ROL-PI Day two

Más CpGs, por favor
methylation
e5
Author
Affiliation

Steven Roberts

Published

May 24, 2025

Day two. Much of time was spent on Epigenetic Simulation then moving on to POISE model.

Did some slide edits…

And coding to figure out what caused the lack of CpG loci in Apul (TLDR::one bad sample)

Trouble shooting Apul

Went back to processed txt loci files (from 10x bedgraph).

Found that 225-T1 was much smaller in line counts and we tracked down multiQC on bismark and found very bad alignment.

To remedy, did merge as before.

#pull processed files from Gannet 
# Note: Unfortunately we can't use the `cache` feature to make this process more time efficient, as it doesn't support long vectors

# Define the base URL
base_url <- "https://gannet.fish.washington.edu/seashell/bu-github/timeseries_molecular/D-Apul/output/15.5-Apul-bismark/"

# Read the HTML page
page <- read_html(base_url)

# Extract links to files
file_links <- page %>%
  html_nodes("a") %>%
  html_attr("href")

# Filter for files ending in "processed.txt"
processed_files <- file_links[grepl("processed\\.txt$", file_links)]

# Create full URLs
file_urls <- paste0(base_url, processed_files)

# Function to read a file from URL
read_processed_file <- function(url) {
  read_table(url, col_types = cols(.default = "c"))  # Read as character to avoid parsing issues
}

# Import all processed files into a list
processed_data <- lapply(file_urls, read_processed_file)

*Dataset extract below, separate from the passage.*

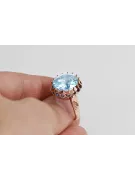 Aquamarin Originales Vintage-Roségold aus 14 Karat Ring Vintage Stil vrc035r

# Name the list elements by file name
names(processed_data) <- processed_files

# Print structure of imported data
str(processed_data)

# add a header row that has "CpG" for the first column and "sample" for the second column, which will be populated by the file name 

processed_data <- Map(function(df, filename) {
  colnames(df) <- c("CpG", filename)  # Rename columns
  return(df)
}, processed_data, names(processed_data))  # Use stored file names

#merge files together by "CpG"
merged_data <- purrr::reduce(processed_data, full_join, by = "CpG")

# Print structure of final merged data
str(merged_data)

Then changed things up.

#remove 225-T1

merged_data <- merged_data[, !(names(merged_data) %in% "ACR-225-TP1_10x_processed.txt")]
# Convert all columns (except "CpG") to numeric
merged_data <- merged_data %>%
  mutate(across(-CpG, as.numeric)) \

Only keep CpGs that have a non-na value in all samples.

filtered_wgbs <- na.omit(merged_data)

# Ensure it's formatted as a data frame
filtered_wgbs <- as.data.frame(filtered_wgbs)
# Only keep the sample information in the column name. 
colnames(filtered_wgbs) <- gsub("^(.*?)_.*$", "\\1", colnames(filtered_wgbs))
# Set CpG IDs to rownames
rownames(filtered_wgbs) <- filtered_wgbs$CpG
filtered_wgbs <- filtered_wgbs %>% select(-CpG)

nrow(merged_data)
nrow(filtered_wgbs)

We had 12,093,025 CpGs before filtering and have 96785 after filtering.


How about Ptua?

First lets go back to processed txt loci file to see if there are any outliers.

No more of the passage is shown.